Again, this is not a complete list but representative of The Protocols in place in Nancy’s family; these may be used as a model for a similar effort by others.

–dennis

Monday, March 24, 2014

dennis: JOAN & THE PROTOCOLS—THE TRAY, ESSENTIAL TO SERVICE

Looking back, I can see that my second day with Joan was much tougher than my first. There were many more skills to master and not much time. Bu the much tougher day was also a reflection of Joan’s quickly running out of patience with me. By Her own admission, She’d been too easy the day before and was going to accelerate the pace. There were no formalities, no chat, just work and lots of it.

The Tray, Essential to Her Service

Joan gave me a fantastic gift, a sterling silver serving tray. “you’ll use this for the rest of your life.” She said, adding that “everything is served and removed from a tray.” The tray and its use have spawned numerous protocols, many of which i learned and practiced that magical first day:

§  It was mandatory that my tray be cleaned and polished every day; a tarnished tray was unacceptable.

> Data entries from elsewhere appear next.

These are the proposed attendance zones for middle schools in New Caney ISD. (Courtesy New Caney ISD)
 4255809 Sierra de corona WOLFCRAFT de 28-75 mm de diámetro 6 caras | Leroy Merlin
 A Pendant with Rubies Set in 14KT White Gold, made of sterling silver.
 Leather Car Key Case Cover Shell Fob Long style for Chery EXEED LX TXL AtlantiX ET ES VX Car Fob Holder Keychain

§  My tray travels with me on any trip where I might expect to serve the Women of the family.

§  Everything was served from and removed to my tray; even something as small as a pack of cigarettes or a book of matches required a tray.

§  The tray was to have a linen napkin placed on it; only a dry, clean napkin was acceptable.

§  The tray was to be carried elevated above my head using my left hand; i could use two hands only when loading the tray in the kitchen; when serving from the tray or placing items on it, the tray had to be chest high.

§  Having a tray was not an excuse for slow service; i was expected to master the tray to the point where i moved competently and quickly. The benefit of wearing suede-soled ballet slippers was now obvious.

§  Making multiple trips to the Women being served was not permitted; all of a table’s requests had to be delivered on one tray, at one time, so as not to leave any of the Women without being served.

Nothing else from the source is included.